Invero la nuova normativa decreta che nessuno possa essere sottoposto a misura di sicurezza detentiva per un periodo superiore alla pena prevista per il reato da cui si è stati prosciolti, mettendo fine (almeno sulla carta) ai cosiddetti ergastoli bianchi in OPG/Rems. Ma tale previsione non si applica alle misure di sicurezza non detentive, in ossequio a quell’orientamento culturale, tanto caro agli psichiatri democratici, che mira a sostituire l’internamento come forma prioritaria di punizione/cura/controllo del reo folle, con l’affidamento coatto alle “cure” territoriali.

Il risultato è che la persona può rimanere, a giudizio dei propri “curanti”, in regime di libertà vigilata indefinitamente, stante che con ciò non lo si intende “punire” di un reato (per cui la “pena” in uno stato di diritto deve essere certa), ma “curare” da una “malattia” che potrebbe, se non trattata, portarlo a commettere altri reati.

Il binario su cui si svolge la storia giudiziaria del reo-folle è un binario morto, perché mancante di un orizzonte temporale. Il fatto che in parte esso si svolga al di fuori di strutture carcerarie, non deve indurci a pensare che il trattamento riservato ai prosciolti per vizio di mente sia più equo e rispettoso dei diritti fondamentali dell’uomo che in passato.

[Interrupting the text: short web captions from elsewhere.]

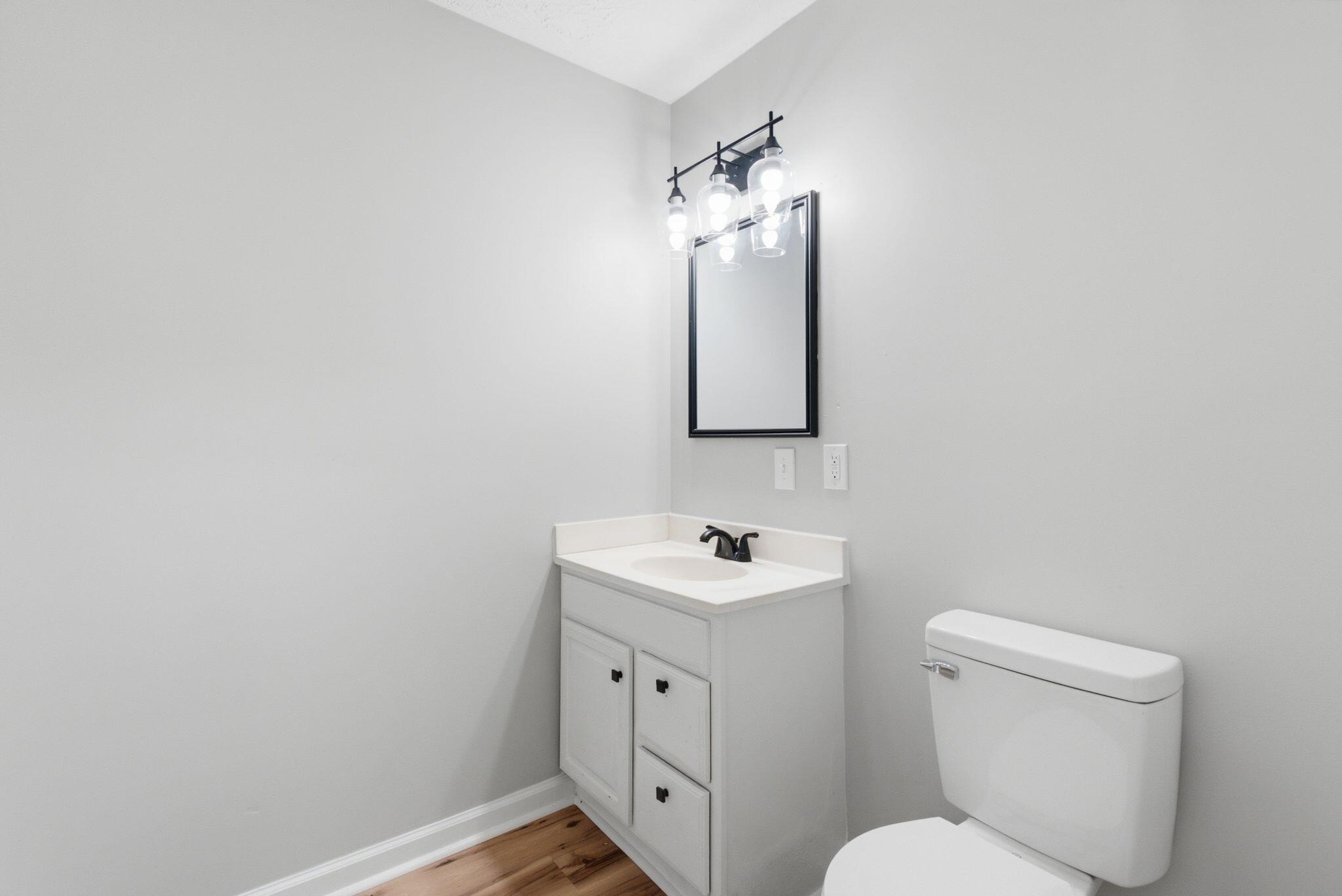 1194 Berdine Way Property Photo 16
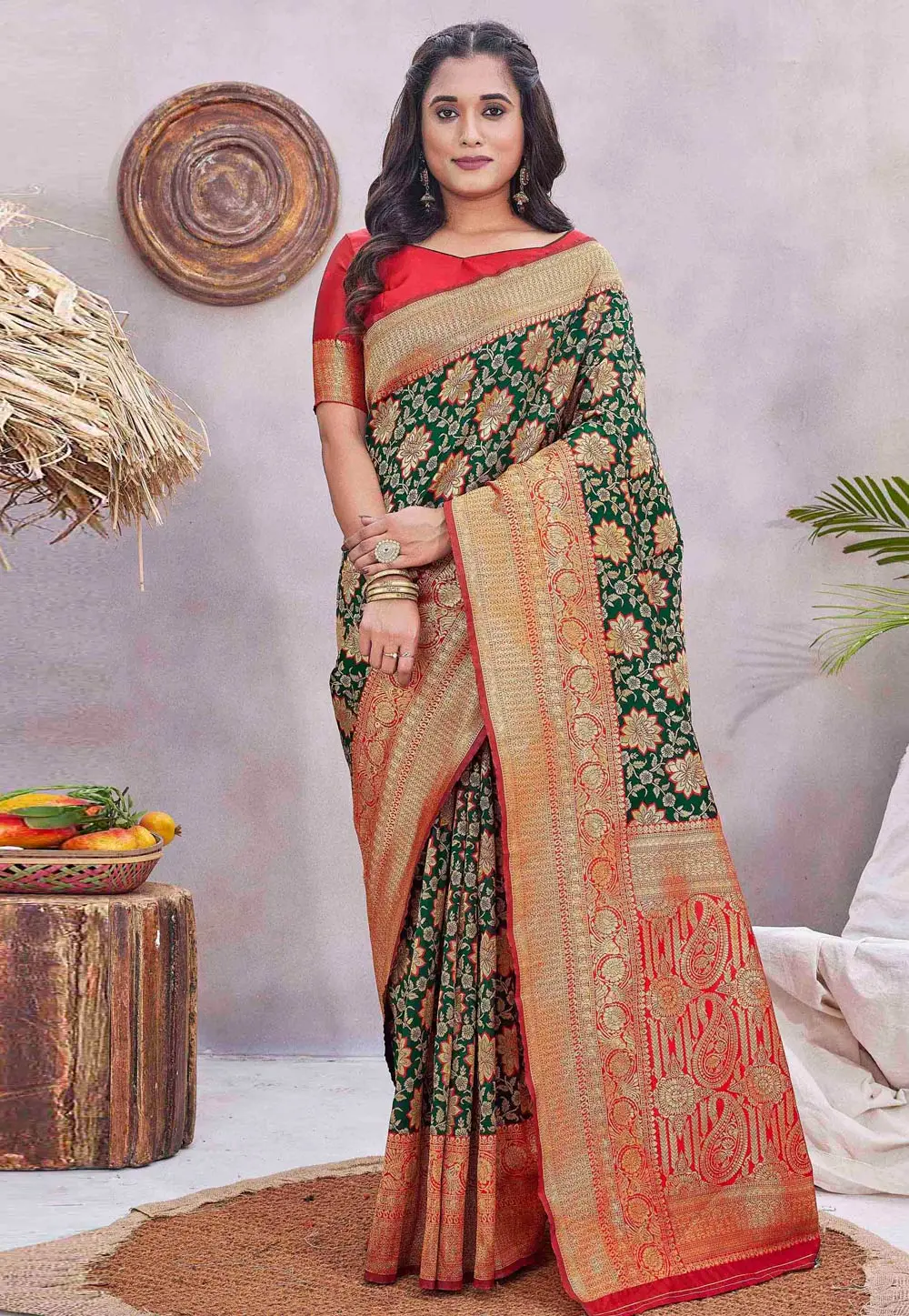 Green Silk Saree With Blouse 298829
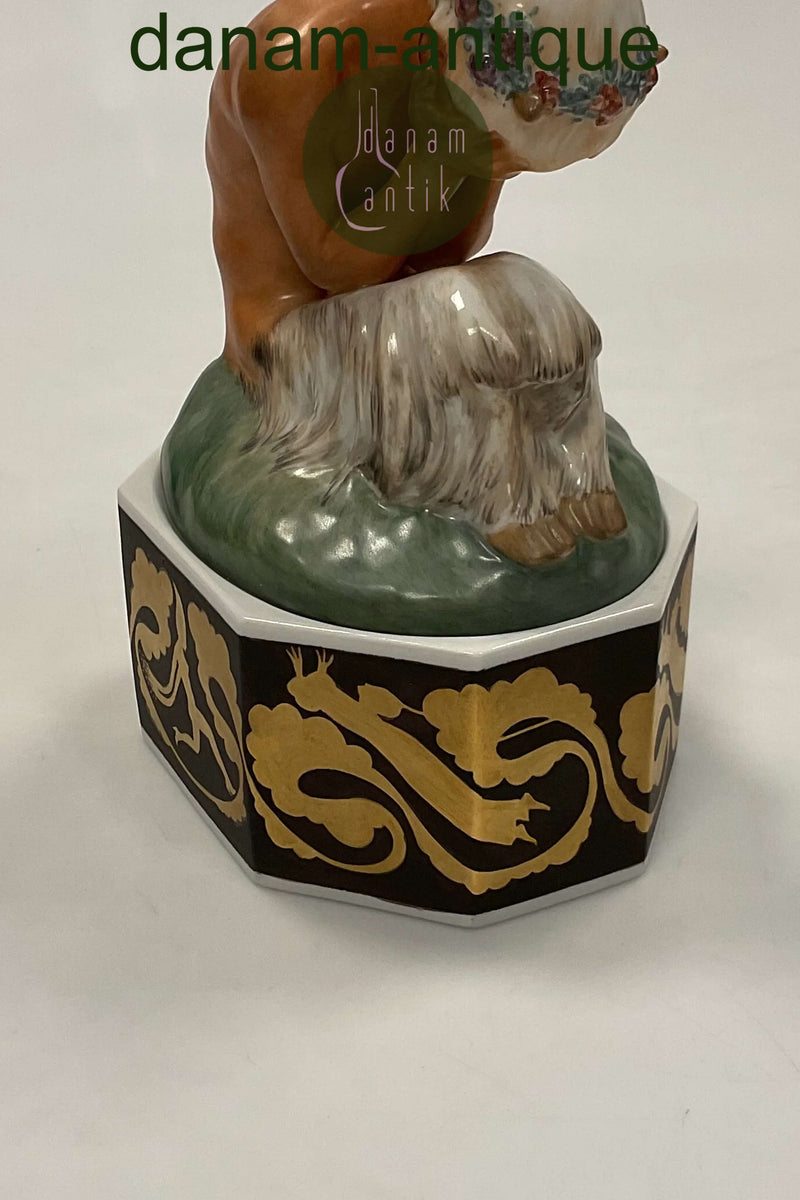 Royal Copenhagen Gerhard Henning Overglasur figur Grædende Faun på stand No 1188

In un recente incontro sul superamento dell’OPG ho avuto modo di confrontarmi con operatori dei servizi psichiatrici che segnalavano come alcuni degli internati affidati alle loro strutture comunitarie territoriali avessero chiesto, in senso inverso alla logica corrente, di rientrare in OPG. Questi mal sopportavano l’ingerenza educativa e costante degli operatori che imponevano loro ogni sorta di divieti e regole stringenti di convivenza e dicevano di preferire l’abbandono manicomiale perché, paradossalmente, si sentivano più liberi e rispettati dall’indifferenza attiva di chi li custodiva senza tentare di cambiarli.

La “cura” psichiatrica, aldilà degli strumenti e strategie che usa, ha come oggetto la libertà di essere, fare e pensare delle persone. Essere affidati alle “cure”, ed esserlo per legge oltre che per consuetudine e per delega sociale da parte di familiari e comunità sociali, significa perdere il controllo della propria esistenza e delle proprie scelte. Ciò, al di là delle buone intenzioni di chi “cura”, non può che essere avvertito da chi lo subisce come una forma di controllo, di violenza e di abuso, specie se allo stesso non viene garantito il diritto di rifiutare tali attenzioni.

Sembrerà paradossale ma il riconoscimento della responsabilità e della punibilità del folle (e quindi l’abolizione delle norme sul proscioglimento per vizio di mente), oggi è e resta l’unico modo per rispettarne i diritti fondamentali. Le violenze sistematiche dentro e fuori gli OPG, le Rems e i trattamenti psichiatrici sono solo epifenomeni di questa invalidazione di massa che la legge e la psichiatria fanno degli individui, misconoscendone la responsabilità e sostituendosi a loro nelle loro scelte di vita.

Potremmo cosi chiudere tutti i luoghi di reclusione psichiatrica e la reclusione rimarrebbe l’orizzonte di ogni paziente designato. La reclusione non sta nei luoghi in cui si viene rinchiusi , ma nel fatto che non ci si ritiene più, per legge, capaci di esprimere una libera volontà e di gestire la propria vita.